■ **Task brief**
Pull out every line from the line containing "Closeup image of" through the end of the material, both ends included, and reproduce it exactly. Keep pictures out.
::: Source data
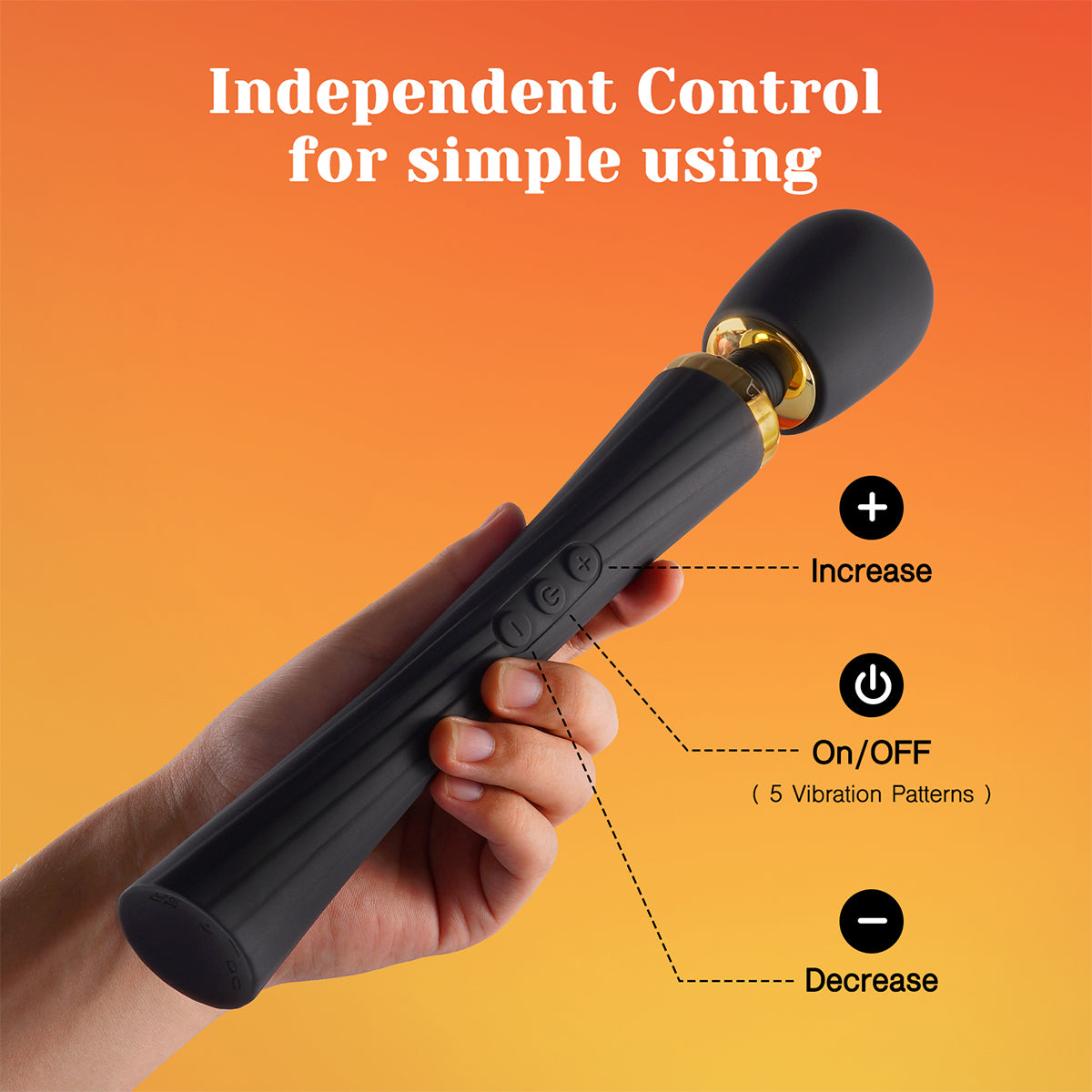 Tracy's Dog - Hammer Wand Clitoral Vibrator Black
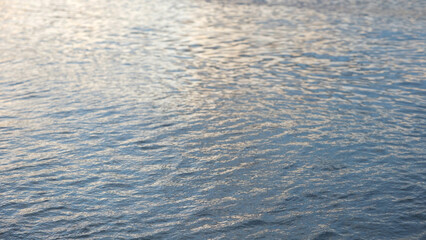 Closeup image of clear sea water in the morning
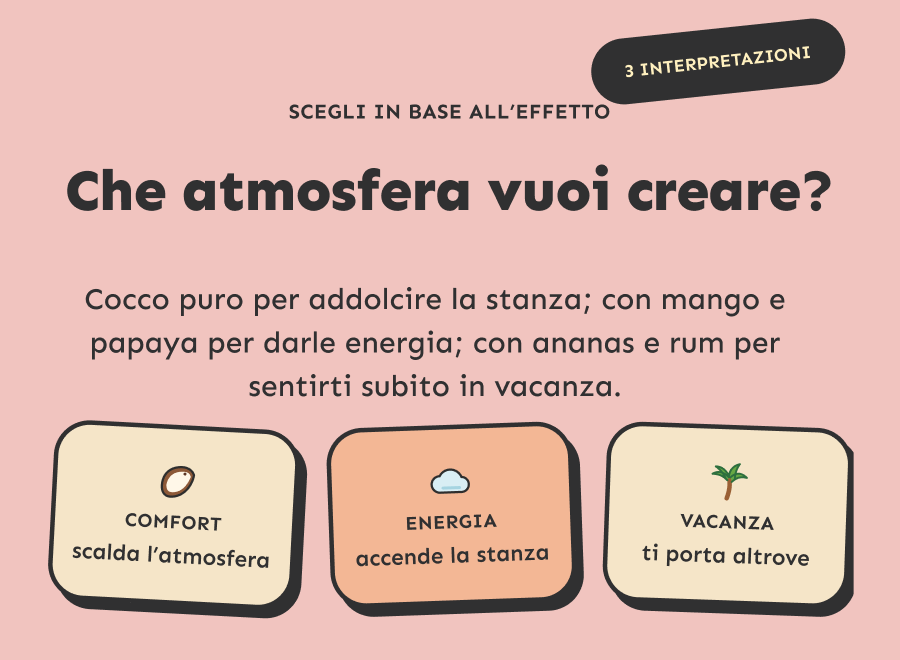 Comfort, energia o vacanza: scegli l’effetto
::::::
■ **Answer space**
 Closeup image of clear sea water in the morning
 Comfort, energia o vacanza: scegli l’effetto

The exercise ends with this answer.